Mais iluminada que outras
Tenho dois seios, estas duas coxas, duas mãos que me são muito úteis, olhos escuros, estas duas sobrancelhas que preencho com maquiagem comprada por dezenove e noventa e orelhas que não aceitam bijuterias. Este corpo é um corpo faminto, dentado, cruel, capaz e violento. Movo os braços e multidões correm desesperadas. Caminho no escuro com o rosto para baixo, pois cada parte isolada de mim tem sua própria vida e não quero domá-las. Animal da caatinga. Forte demais. Engolidora de espadas e espinhos. Dizem e eu ouvi, mas depois também li, que o estado do Ceará aboliu a escravidão quatro anos antes do restante do país. Todos aqueles corpos que eram trazidos com
seus dedos contados, seus calcanhares prontos e seus umbigos em fogo, todos eles foram interrompidos no porto. Um homem – dizem e eu ouvi e depois também li — liderou o levante. E todos esses corpos foram buscar outros incômodos. Foram ser incomodados.
ARRAES. J. Redemoinho em dia quente. São Paulo: Alfaguara, 2019.
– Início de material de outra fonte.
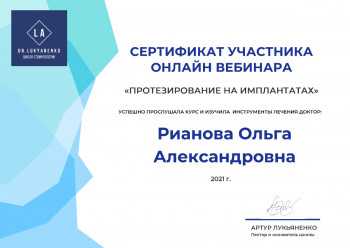 certificate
No primeiro parágrafo, a narradora, ao realizar uma descrição física sobre si mesma, revela a existência de certos padrões estéticos de gênero, como a utilização de maquiagem (“estas duas sobrancelhas que preencho com maquiagem…”) e de adornos (uso de brincos, desde que não sejam, no caso da narradora, bijuterias). No segundo parágrafo, a narradora se refere aos corpos de negros escravizados que, mesmo após a abolição da escravidão, “foram buscar outros incômodos. Foram ser incomodados”. No contexto, podemos inferir que esses corpos seguiram sendo incomodados por não se encaixarem em padrões estéticos dominantes. Dessa forma, é possível enxergar marcas de violência de gênero e de raça na construção da identidade do indivíduo.